It is clear that petitioners held the El Paso stock under a bona fide claim of title and possessed the right to transfer it to a purchaser without notice free of all claim by Rose’s. Estate. McCullen v. Hereford State Bank, 214 F. 2d 185 (C.A. 5, 1954). At no time did the stock become part of Rose’s probate estate. Certain beneficiaries and heirs of Rose threatened action against petitioners to have the stock declared an asset of the estate. In the arm’s-length settlement, an interest in the estate was transferred to petitioners in order to have included in the estate the property to which petitioners held a bona fide claim of title. One valuable property right was exchanged for another. Petitioners made no claim agaimt the estate as heirs or as donees of lifetime gifts from Rose (except as to the $20,000 in specific bequests). Cf. White v. Thomas, 116 F. 2d 147 (C.A. 5, 1940), certiorari denied 313 U.S. 581 (1941).

In Lyeth v.

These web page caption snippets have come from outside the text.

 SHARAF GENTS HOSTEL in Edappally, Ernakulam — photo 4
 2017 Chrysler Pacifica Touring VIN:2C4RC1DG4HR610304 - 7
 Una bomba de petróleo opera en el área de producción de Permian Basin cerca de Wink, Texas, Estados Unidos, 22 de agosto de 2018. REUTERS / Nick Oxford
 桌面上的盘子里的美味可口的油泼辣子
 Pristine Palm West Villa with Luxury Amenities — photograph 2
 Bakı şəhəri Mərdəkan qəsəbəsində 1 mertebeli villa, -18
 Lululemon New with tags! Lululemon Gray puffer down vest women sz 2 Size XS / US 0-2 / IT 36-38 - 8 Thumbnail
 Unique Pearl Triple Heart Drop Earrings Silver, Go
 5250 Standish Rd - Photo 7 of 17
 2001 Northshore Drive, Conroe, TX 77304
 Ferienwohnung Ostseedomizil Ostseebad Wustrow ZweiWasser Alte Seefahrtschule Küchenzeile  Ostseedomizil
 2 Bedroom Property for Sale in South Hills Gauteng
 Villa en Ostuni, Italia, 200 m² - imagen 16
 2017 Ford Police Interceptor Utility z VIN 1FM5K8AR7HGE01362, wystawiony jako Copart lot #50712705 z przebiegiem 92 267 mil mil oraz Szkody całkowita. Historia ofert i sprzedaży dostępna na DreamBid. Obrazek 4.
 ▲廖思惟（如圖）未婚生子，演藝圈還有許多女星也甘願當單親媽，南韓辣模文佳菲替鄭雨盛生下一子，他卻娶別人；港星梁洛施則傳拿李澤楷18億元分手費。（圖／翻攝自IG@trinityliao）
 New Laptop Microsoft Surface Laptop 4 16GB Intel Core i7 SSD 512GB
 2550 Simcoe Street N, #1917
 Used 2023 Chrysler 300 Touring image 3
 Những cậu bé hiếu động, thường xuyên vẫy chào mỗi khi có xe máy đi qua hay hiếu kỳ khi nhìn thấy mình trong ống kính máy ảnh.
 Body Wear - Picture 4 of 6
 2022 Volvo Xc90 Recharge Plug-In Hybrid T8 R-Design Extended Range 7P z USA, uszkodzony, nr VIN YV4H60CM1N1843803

Hoey, supra, the Supreme Court held that property acquired :by an heir under State intestacy laws in compromise of his claim, based upon an alleged invalidity of a will under which he was granted a small legacy, against the estate for a greater portion of that very property constituted “property acquired by gift, bequest, device, or inheritance.” Undeniably, but for the original “gift” in the instant case, petitioners would not have been in a position to acquire the life estate. However, in our judgment this simple “but for” connection does not compel us to attribute gift characteristics to all property thereafter passing through petitioners’ hands. It is plain that Lyeth v. Hoey has no application where the asset, as here, is acquired by purchase or exchange. Cf. White v. Thomas, supra; Bell v. Harrison, 212 F. 2d 253 (C.A. 7, 1954); and William N. Fry, Jr., 31 T.C. 522 (1958), affd. 283 F. 2d 869 (C.A. 6, 1960). We believe that to reach the same conclusion as in Lyeth v. Hoey under the significantly different facts presented here would necessitate an unwarranted extension of the rationale of that case beyond the intent of the Supreme Court.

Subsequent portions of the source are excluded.